The story follows Bob Arctor (Keanu Reeves), an undercover agent assigned to monitor a group of drug users—including himself. The drug in question, Substance D, causes severe cognitive dissonance, splitting the brain into warring hemispheres. As Arctor continues ingesting the drug for the sake of his investigation, he begins to lose track of his identity, unable to distinguish his role as a narcotics agent from his life as an addict.
The film is permeated with cynicism and decay. Arctor works for a faceless bureaucracy, and both he and other members of law enforcement wear “scramble suits,” which obscure their identities even from one another.
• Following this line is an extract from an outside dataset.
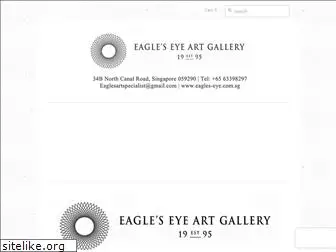 eagles-eye.com.sg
This injects a sense of surrealism and dark humour, while highlighting Arctor’s growing disillusionment, paranoia, and estrangement from reality. As he sinks deeper into addiction and surveillance-induced paranoia, the distinction between the world’s inherent absurdity and the effects of the drug becomes increasingly blurred.
Many scenes could be lifted from any film about junkies. Arctor’s drug-addled friends pontificate about philosophy while struggling with basic daily tasks. A simple car breakdown spirals into an extended sequence of paranoia, where the group convinces themselves that their house is bugged and that authorities have likely planted drugs to entrap them. They consider selling the house but are stumped by how to price the hidden drugs, as they neither know the type nor the quantity.
Reeves delivers a surprisingly strong performance in the lead role, playing to his strengths as a quiet, introspective presence. Robert Downey Jr., however, steals nearly every scene as James Barris, an erratic and untrustworthy intellectual whose rapid-fire monologues teeter between brilliance and madness.
The ending is grimly appropriate, reinforcing the film’s bleak worldview.
Rating: 7/10
This and Zodiac were really sort of perfect precursor performances to the ultimate RDJ comeback role a couple of years later in Iron Man. You could tell that the guy was already back on the map in a big way in 06-07; the massive hit with Marvel just cemented it.